+++ Data supplied

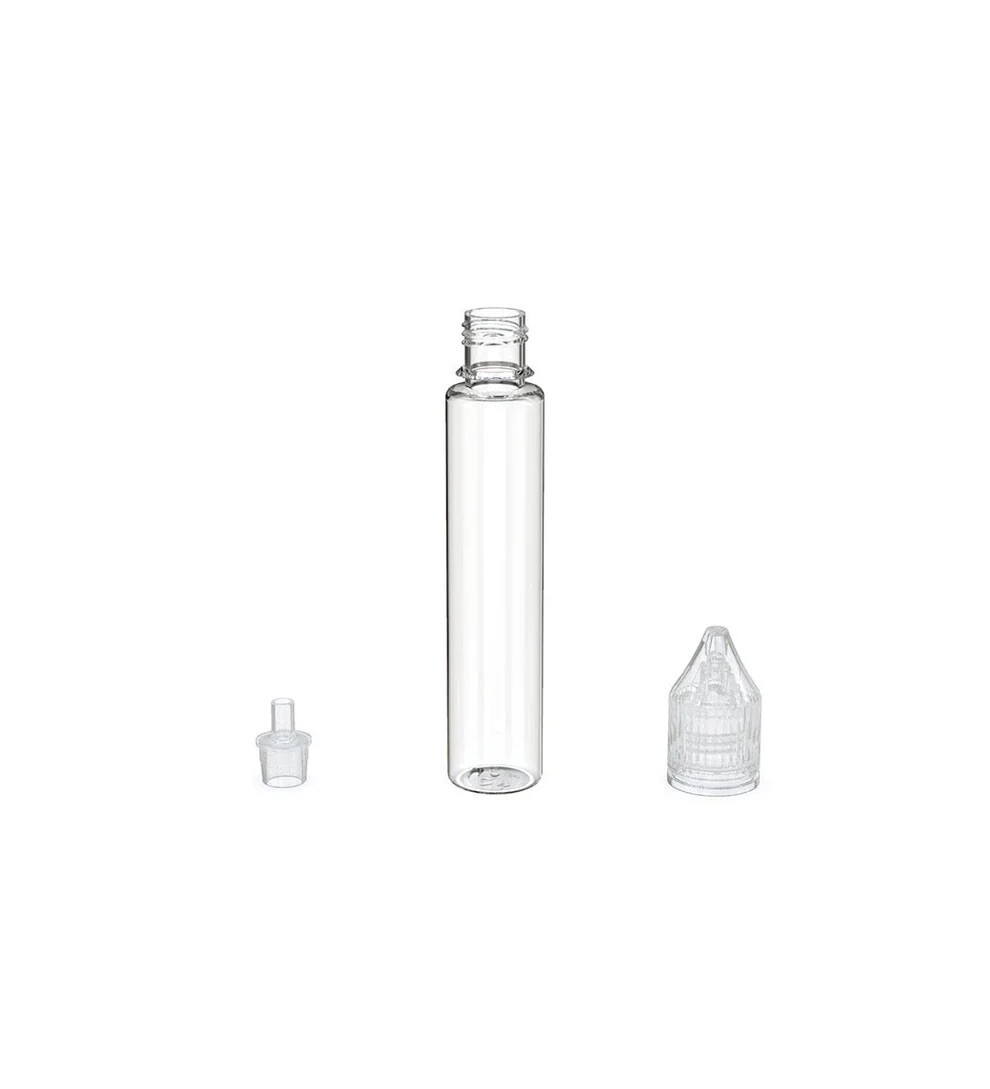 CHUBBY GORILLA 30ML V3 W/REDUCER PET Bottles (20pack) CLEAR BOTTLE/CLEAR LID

++++++
+++ Data supplied

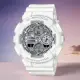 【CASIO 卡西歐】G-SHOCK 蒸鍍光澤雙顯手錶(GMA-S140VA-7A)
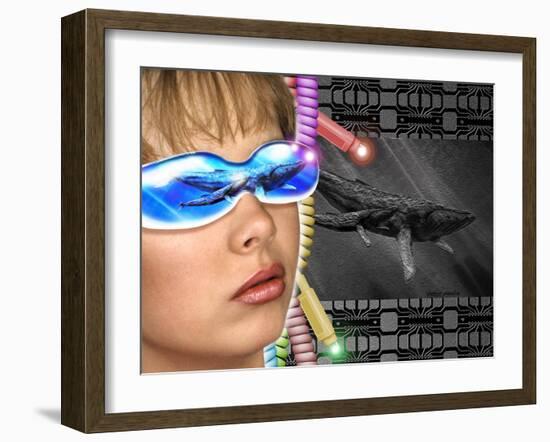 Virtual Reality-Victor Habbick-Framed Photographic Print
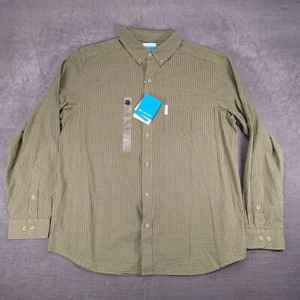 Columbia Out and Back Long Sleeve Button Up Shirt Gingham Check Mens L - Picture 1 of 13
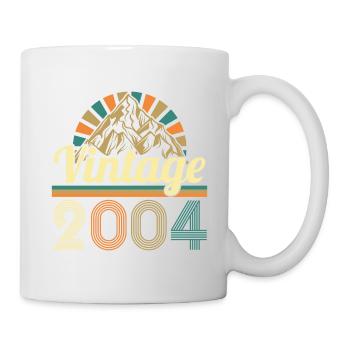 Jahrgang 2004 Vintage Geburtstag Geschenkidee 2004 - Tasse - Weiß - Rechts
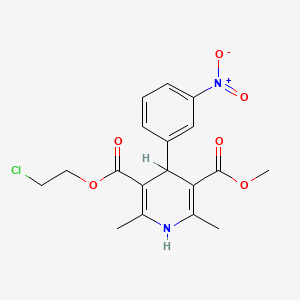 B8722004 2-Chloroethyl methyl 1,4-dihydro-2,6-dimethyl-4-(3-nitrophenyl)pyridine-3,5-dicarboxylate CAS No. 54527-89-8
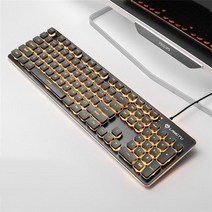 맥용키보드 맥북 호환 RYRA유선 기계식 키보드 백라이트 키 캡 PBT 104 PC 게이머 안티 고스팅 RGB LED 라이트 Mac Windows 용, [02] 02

++++++

▸ **Work to be completed**:
Look above for the line with "B8722004 2-Chloroethyl methyl" and the line with "맥용키보드 맥북 호환". Output those two and everything between them exactly, pictures excluded.

▸ **Expected answer**:
 B8722004 2-Chloroethyl methyl 1,4-dihydro-2,6-dimethyl-4-(3-nitrophenyl)pyridine-3,5-dicarboxylate CAS No. 54527-89-8
 맥용키보드 맥북 호환 RYRA유선 기계식 키보드 백라이트 키 캡 PBT 104 PC 게이머 안티 고스팅 RGB LED 라이트 Mac Windows 용, [02] 02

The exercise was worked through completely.